Visualizing trends in the bug-tracker
At work I manage projects with Trac. It’s great. We have about ten different projects, including websites and internal web apps, with most of the code in a central Subversion repository hooked up to Trac so that it’s easy to see what got changed when (and why!).
But rather than bore you with Trac evangelism I’ll share a goofy hack I built to get a basic visualization of the ticket load in Trac over time.
This is possibly the weirdest little hack I’ve ever shared publicly.
First, the stats-gathering. The data lives in a text file; actually, a YAML file. I chose YAML because at first the idea of graphing was only a “might-do” and I wanted to have a text file I could read. The file is updated by a shell script like this running as a nightly cronjob:
echo '-'
echo ' date : `date +'%Y-%m-%d`'
echo 'SELECT " high : " || count(*) FROM ticket WHERE \
priority="high" AND status!="closed";' | sqlite3 /var/db/trac.db
echo 'SELECT " medium: " || count(*) FROM ticket WHERE \
priority="medium" AND status!="closed";' | sqlite3 /var/db/trac.db
echo 'SELECT " low : " || count(*) FROM ticket WHERE \
priority="low" AND status!="closed";' | sqlite3 /var/db/trac.db
Next, the graphing code. Be thankful I didn’t go all the way to making this a one-liner.
import yaml, urllib
url = "http://example.edu/stuff/trac_stats.txt"

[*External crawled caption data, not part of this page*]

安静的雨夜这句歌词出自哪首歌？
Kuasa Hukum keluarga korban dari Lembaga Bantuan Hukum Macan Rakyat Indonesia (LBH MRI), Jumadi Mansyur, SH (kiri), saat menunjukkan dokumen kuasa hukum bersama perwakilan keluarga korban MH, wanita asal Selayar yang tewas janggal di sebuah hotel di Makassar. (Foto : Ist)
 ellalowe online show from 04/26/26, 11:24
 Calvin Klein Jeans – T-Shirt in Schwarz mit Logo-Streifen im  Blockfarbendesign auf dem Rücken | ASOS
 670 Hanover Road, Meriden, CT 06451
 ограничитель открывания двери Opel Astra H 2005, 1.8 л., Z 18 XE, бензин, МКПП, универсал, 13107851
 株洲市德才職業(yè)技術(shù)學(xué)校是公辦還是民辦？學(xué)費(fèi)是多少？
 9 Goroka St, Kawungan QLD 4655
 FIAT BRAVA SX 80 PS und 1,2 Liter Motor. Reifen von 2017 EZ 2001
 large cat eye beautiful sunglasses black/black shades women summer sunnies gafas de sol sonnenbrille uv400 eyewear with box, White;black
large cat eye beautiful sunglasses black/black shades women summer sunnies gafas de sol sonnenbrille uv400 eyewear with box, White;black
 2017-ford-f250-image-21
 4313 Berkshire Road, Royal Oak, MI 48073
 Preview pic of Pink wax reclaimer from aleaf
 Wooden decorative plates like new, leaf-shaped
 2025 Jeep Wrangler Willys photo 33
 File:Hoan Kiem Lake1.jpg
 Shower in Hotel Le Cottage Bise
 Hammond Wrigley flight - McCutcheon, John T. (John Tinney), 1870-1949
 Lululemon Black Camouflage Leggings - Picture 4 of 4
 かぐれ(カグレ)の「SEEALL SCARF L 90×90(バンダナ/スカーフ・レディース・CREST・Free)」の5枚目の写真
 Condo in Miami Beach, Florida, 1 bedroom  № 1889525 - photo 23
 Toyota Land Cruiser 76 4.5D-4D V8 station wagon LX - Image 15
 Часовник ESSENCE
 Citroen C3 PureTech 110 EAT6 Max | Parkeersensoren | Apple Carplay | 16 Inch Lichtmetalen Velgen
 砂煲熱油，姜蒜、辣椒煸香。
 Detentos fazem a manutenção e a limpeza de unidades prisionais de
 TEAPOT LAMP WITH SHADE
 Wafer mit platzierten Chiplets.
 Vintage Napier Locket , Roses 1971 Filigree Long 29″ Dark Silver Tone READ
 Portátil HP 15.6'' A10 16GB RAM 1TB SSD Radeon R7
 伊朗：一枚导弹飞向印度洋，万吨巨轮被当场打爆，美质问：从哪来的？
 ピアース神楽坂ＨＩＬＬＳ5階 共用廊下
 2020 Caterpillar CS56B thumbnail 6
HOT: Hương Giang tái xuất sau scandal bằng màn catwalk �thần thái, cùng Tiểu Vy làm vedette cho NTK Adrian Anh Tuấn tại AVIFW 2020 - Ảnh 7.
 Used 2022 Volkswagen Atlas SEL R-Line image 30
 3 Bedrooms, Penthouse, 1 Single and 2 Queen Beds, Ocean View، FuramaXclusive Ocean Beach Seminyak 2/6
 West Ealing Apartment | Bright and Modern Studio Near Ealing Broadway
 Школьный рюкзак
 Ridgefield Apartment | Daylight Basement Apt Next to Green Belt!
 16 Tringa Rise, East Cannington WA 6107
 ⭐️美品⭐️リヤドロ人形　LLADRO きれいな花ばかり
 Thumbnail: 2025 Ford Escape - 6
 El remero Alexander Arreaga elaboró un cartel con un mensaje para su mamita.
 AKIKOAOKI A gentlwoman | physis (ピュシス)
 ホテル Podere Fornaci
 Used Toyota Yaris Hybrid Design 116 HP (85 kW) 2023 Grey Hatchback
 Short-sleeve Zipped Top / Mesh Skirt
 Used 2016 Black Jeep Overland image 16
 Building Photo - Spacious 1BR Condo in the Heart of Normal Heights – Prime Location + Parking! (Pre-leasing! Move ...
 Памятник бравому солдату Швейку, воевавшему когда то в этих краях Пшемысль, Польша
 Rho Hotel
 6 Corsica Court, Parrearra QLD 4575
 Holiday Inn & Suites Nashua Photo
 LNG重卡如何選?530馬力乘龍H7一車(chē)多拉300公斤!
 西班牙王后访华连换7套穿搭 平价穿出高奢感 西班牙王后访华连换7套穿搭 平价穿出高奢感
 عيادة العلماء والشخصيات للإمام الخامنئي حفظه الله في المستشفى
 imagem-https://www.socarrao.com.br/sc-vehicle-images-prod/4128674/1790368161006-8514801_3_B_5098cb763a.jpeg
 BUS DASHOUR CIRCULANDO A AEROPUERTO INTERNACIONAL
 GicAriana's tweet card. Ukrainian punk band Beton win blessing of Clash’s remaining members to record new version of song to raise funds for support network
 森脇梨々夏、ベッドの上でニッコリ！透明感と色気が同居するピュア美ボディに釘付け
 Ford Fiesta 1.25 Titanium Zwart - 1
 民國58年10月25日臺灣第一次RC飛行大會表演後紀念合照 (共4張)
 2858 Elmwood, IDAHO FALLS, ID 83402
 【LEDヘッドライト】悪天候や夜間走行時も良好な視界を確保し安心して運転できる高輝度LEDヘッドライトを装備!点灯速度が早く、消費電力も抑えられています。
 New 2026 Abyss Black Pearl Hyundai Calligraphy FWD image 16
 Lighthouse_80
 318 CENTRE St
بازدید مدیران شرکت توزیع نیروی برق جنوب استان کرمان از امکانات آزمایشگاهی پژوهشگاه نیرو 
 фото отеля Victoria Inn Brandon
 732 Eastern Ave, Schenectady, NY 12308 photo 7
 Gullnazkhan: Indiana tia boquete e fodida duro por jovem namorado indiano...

data = yaml.load(urllib.urlopen(url).read())
print "\n".join("%s %s%s%s" %
(d['date'], "!"*d['high'], "*"*d['medium'], "."*d['low'])
for d in data)
Finally, here’s what the output looks like – the three different characters in the bars represent high, medium, and low priority tickets respectively.
2008-01-09 !!!!!!!!!!************************...................
2008-01-10 !!!!!!!!************************........................
2008-01-11 !!!**************************.......................
Rendering sparkline graphs via the Google Chart API is left as an exercise for the reader.